Anyone who has ever been involved in Live OTT production from an engineering standpoint knows…there is a lot to know! You could potentially have twenty cameras feeding streams to a remote production truck that in turn is sending feeds to a broadcast facility. From that broadcast facility those feeds are being encoded into perhaps 10 or more different variants for display on various screen sizes with differing download speeds. Then packaged up and sent on to the content delivery network (CDN) and from there on through the ISP and into the Fire sticks, Roku boxes, Apple TVs, Smart TV’s and you-name-it consumer devices.
There could easily be 10 to 20 or more different vendors involved across the different technologies. A capable engineering team will need to have at least some knowledge across a variety of products including cameras, switches, encoders, origin servers, IP video probes, Windows servers, Linux servers, virtual servers, etc. Oh, and all of these (except maybe the cameras) could be virtualized and running completely in the cloud!
An evolution that has taken place in the industry as we’ve made the move to more all-IP or mostly-IP workflows has been the realization that monitoring is no longer an afterthought that you stick on after the project is designed and build with the money you have left over. Many of us have learned that these kinds of complex projects and workflows simply don’t work over time without accurate and actionable monitoring. And that monitoring has come to be involved in the design architecture from the very beginning.

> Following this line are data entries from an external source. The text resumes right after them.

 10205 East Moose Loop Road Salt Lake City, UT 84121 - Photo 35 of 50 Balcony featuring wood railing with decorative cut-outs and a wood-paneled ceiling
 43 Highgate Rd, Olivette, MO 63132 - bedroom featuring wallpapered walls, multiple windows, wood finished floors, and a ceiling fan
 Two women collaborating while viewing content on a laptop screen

From a real-world standpoint that means verifying that each vendor along the ‘chain’ will give the operations, engineering and maintenance teams the information they need to determine the health of the flows themselves, the tools involved along the way and the underlying infrastructure that is making it all possible. And all of that information must be accessible remotely. Whether by SNMP, web API, message bus, syslog, or any other protocol there must be a way that an outside entity (NMS or Network Management System) can get to that information and alert people if and when problems are discovered.
The luxury of having multiple screens in the truck or broadcast center for each vendor and their alarms is simply impossible now. There are too many to be of any use. There needs to be a single ‘pane-of-glass’ that will have all alarms and performance data across all technologies throughout the entire operation.

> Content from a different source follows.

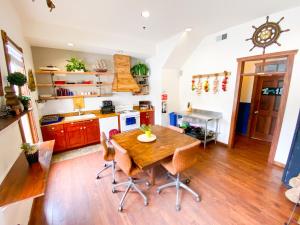 a kitchen with a wooden table and a wooden floor at International Travelers House Adventure Hostel in San Diego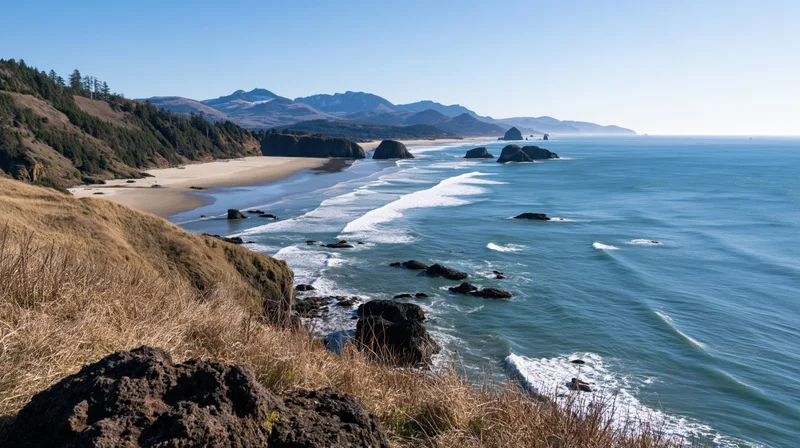 Sweeping view of a curved pacific northwest coastline with waves breaking on sandy beach and rocky cliffs under clear blue sky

Because of the large number of different technologies and vendors involved it may be helpful to segment the information to be monitored into major buckets.
This means all physical servers and switches. Monitoring basics like CPU load, free memory, available disk space, power supply health, fan health for example. If a disk is full, it can cause havoc on the software applications that rely on it. This might also include those same kinds of metrics on some of the more specific appliance hardware boxes involved like firewalls, vpn concentrators, fiber encapsulators, satellite receivers, compliance monitors, graphics engines, and production switchers to only name a few.